Una de las personas más sabias que he conocido ―y más
buenas, también, en el sentido íntegro de la palabra― habló en varias ocasiones
de cómo vivir el amor a la tierra de una manera virtuosa. Es decir, cómo amar
tu tierra, tu país, tu lugar natal, sin caer en extremos, ni de amor ni de
odio.
Amar la tierra, decía, es agradecer el lugar que te vio
nacer, el pueblo de tus padres y abuelos. Es acoger la historia que hizo
posible tu existencia y respetar y honrar las gentes que viven en ese lugar.
Amar la tierra es ver sus bellezas y valores, conocerlas y darlas a conocer,
admitiendo con realismo las partes no tan luminosas de la realidad. Amar la
propia tierra con virtud es, también, reconocer la belleza y el valor de las
tierras de los otros, que para cada persona son únicas y entrañables.

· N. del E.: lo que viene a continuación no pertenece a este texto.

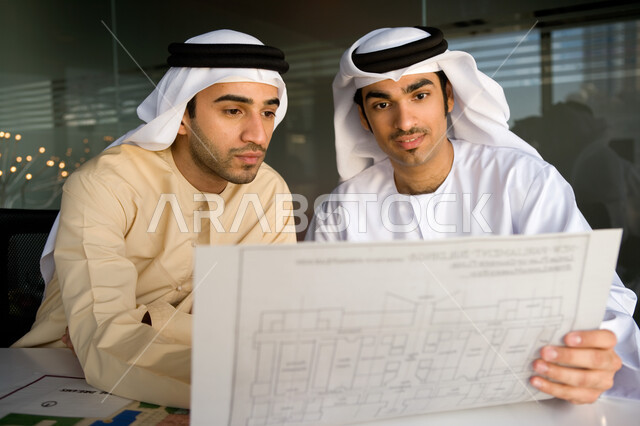 بيئة العمل الإماراتية، التدقيق والإشراف على مخططات مشروع عقاري، اجتماع عمل لرجلان أعمال عربيان خليجيان إماراتيان يرتديان الغترة والكندورة الإماراتية، نقاشات وحوارات حول مخطط خريطة هندسية، مفهوم العمل الجماعي في شركات الإمارات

Este amor puede caer en dos extremos peligrosos. Por un
lado, el amor al terruño puede derivar en un patriotismo exagerado y xenófobo,
un sentimiento de superioridad sobre el otro y un rechazo o desprecio de lo
ajeno o extranjero. Cuando lo mío es lo mejor y lo de afuera es enemigo,
despreciable o una amenaza, estoy abonando las semillas del odio. Esta actitud
lleva a conflictos, enfrentamientos e incomprensiones absurdas. Porque,
finalmente, todos somos hermanos sobre este planeta azul, todos navegamos en la
misma nave cósmica que nos hace de hogar. La cooperación nos ayuda más que la
separación.
El otro extremo es renegar de las propias raíces y adoptar
un cosmopolitismo desarraigado. «Soy ciudadano del mundo», y con esta arrogante
pretensión, rechazar e incluso olvidar de dónde venimos, de qué historia somos
hijos y qué tierra y qué cultura nos han modelado durante nuestro crecimiento,
lo queramos o no. Quienes así piensan pueden convertirse en eternos nómadas que
pasan de un lugar a otro sin echar raíces, lo cual puede parecer una señal de
libertad, pero tampoco profundizan, ni en sus relaciones con la gente ni con la
tierra, y quizás valoran las cosas de manera muy superficial.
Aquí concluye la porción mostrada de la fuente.